Tuesday, June 21, 2011
BE CAREFUL WHAT YOU WISH FOR
Today, boys and girls, we're going to talk about health care.
More specifically, we're going to talk about health care systems around the world, and the myth that countries like Canada and France have a health care delivery system utopia where everyone is shiny and happy and holding hands.
Catch that REM allusion there?
And I promise to keep the political party jabs and jibes to a minimum, since health care certainly is an issue that warrants discussion because it affects everyone. I do not want to open up the nationalize/privatize debate, but just share some things I learned from an online seminar and (hopefully) make some people at least reevaluate if they think the path we're going down is the best idea.
One of the largest CPA firms in the world, did a worldwide study on health care consumerism, which included polls of health care consumers.
Let me say that again-they actually asked the consumer.
They didn't have a bunch of wealthy middle-aged jerks who are card-carrying Council On Foreign Relations members who can afford private physicians on retainers discuss health care…they asked the people who actually consume health care services from the system at large.
To be specific, they asked 15,735 consumers in 12 countries. Their sampling method was randomly selected from the online population, representative with respect to age, gender, geography and income.
The results are interesting to say the least.
Let's start at the top-how satisfied were people with their country's health care system?
The survey asked for a rating on a scale of one to ten, where satisfied was between 8-10 and dissatisfied was between 1-3.
Remember during the Clinton and Obama health care reform debates, France and Canada were put forth as the Cadillac, the model that the United States should emulate.
And they did finish well, at fourth and fifth, with the United States at tenth. No country really got a mandate from their people, however.
Only one third of those polled in the two "utopia" countries indicated that they were satisfied.
Surprisingly, the number of people in ALL countries surveyed who rated their health care system between four and seven (I called this neutral) was amazingly similar.
Other questions asked about how those polled felt their country's health care system compared to other countries' systems.
This time, France came in second (average of the three answers), with the United States averaging right in the middle, Canada just below the US and Switzerland at the top. Still, I was a little surprised that the two "Cadillac" countries were not coming in with mandates from the people.
The study pointed out that the typical consumer does not have an informed view of other health care systems, so they typically compare to an "idealistic version" of their own system.

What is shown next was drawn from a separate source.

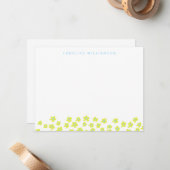 Simple Cute Ditsy Flowers Blue Yellow Personalized ノートカード (正面/裏面インサイチュ)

One interesting answer-when asked if they'd be willing to travel outside of their country for care, 9% of Canadians and 5% of French answered yes, compared to 3% of Americans. Even though the French think their system is the best in the world, they were almost twice as likely to seek care outside their country.
I think the most interesting information comes from the strengths and weaknesses of the systems as percieved by the consumers.
When looking at system strengths, which considered treatment innovation and up-to-date technology and facilities, the United States ranked second (behind Switzerland) with an average of 69%, and well ahead of the Clinton/Obama "Cadillac" countries France (59%) and Canada (52%).
Now let's look at weaknesses.
When considering consumer focus, wellness focus and wait time, the United States ranked third (behind Switzerland and Belgium) with an average of 30%, ahead of France (34%) and Canada (35%).
Now all of our innovation is not free. The United States spends $5,711 per capita on healthcare, compared to $3,048 spent by France and $2,998 spent by Canada. That means for every dollar they spend, we're spending $1.89.
Add it all up, and it begs the question, what is Switzerland doing and why don't we model after them?
It's really hard to point to France and Canada's national systems being the solution to our health care issues. Their residents appear more satisifed than ours, but at the same time seem to feel that the care they are getting is not as good.
As opposed as I am to socialism (funny because I work in insuance, and industry that exists on socialism), the idea of health care for all is certainly far more noble a cause than taxing Americans to wage war on various smaller nations.
I am still very concerned on how America can really afford to pay for all of its excess. Obama paints a rosy picture, but the government is living on credit, and many former homeowners in the Phoenix city limits could tell you how well that worked out for them.
I guess the point of this, my lengthiest post ever, is this. Be careful what you wish for, America. You may think you're getting this:
And end up with this:
PS-I hope the accounting firm that conducted this study does not object to my quoting their results and displaying two of their slides.